# Thread: Inner product with perpendicular unit vectors

1. ## Inner product with perpendicular unit vectors

Note: I'm using (A^T) for the transpose of A.

Problem: Find (A^T)A (the inner product of A with itself) if the columns of A are unit vectors, all mutually perpendicular.

My work: if the columns of A are a(1), a(2),..., a(n) then (A^T)A = ||a(1)||^2 + ||a(2)||^2 + ... + ||a(n)||^2 = 1+1+...+1 = n, so the answer is the number of columns (n) in A. Did I do this correctly?

2. Originally Posted by uberbandgeek6
Note: I'm using (A^T) for the transpose of A.

Problem: Find (A^T)A (the inner product of A with itself) if the columns of A are unit vectors, all mutually perpendicular.

My work: if the columns of A are a(1), a(2),..., a(n) then (A^T)A = ||a(1)||^2 + ||a(2)||^2 + ... + ||a(n)||^2 = 1+1+...+1 = n, so the answer is the number of columns (n) in A. Did I do this correctly?

Your line of thought is correct, but what do you mean by "the answer is the number of ..."?? The answer is a matrix and you haven't yet said which one $\displaystyle A^TA$ is !

Tonio

3. Oh, you're right, I guess it should be a matrix, but I don't understand how to get one.
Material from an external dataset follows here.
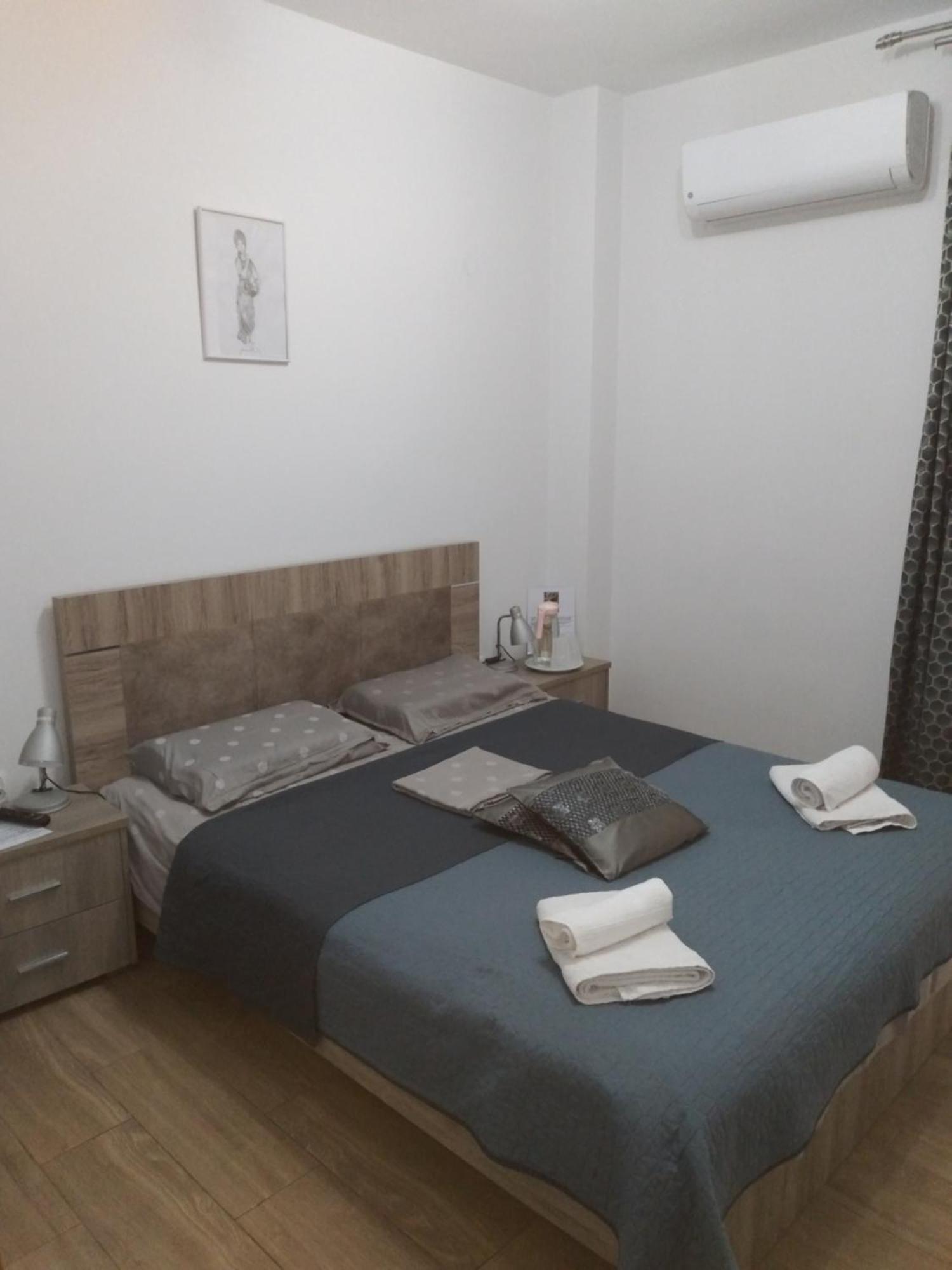 Mesochoriou Apartment Saloniki Zewnętrze zdjęcie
I just have a bunch of scalars now, right? How do I make a matrix out of that? Thank you for the catch btw!

4. When taking a product of two matrices, AB, you can think of each element of the product matrix as a "dot product"- the "ij" element is the dot product of the ith row of A (as a vector) with the jth column of B (as a vector). Since these vectors are all of unit length and perpendicular, the dot product of each one with with itself is 1 and with any other is 0. Therefore each row of the product will consist of one "1" and the rest "0"s.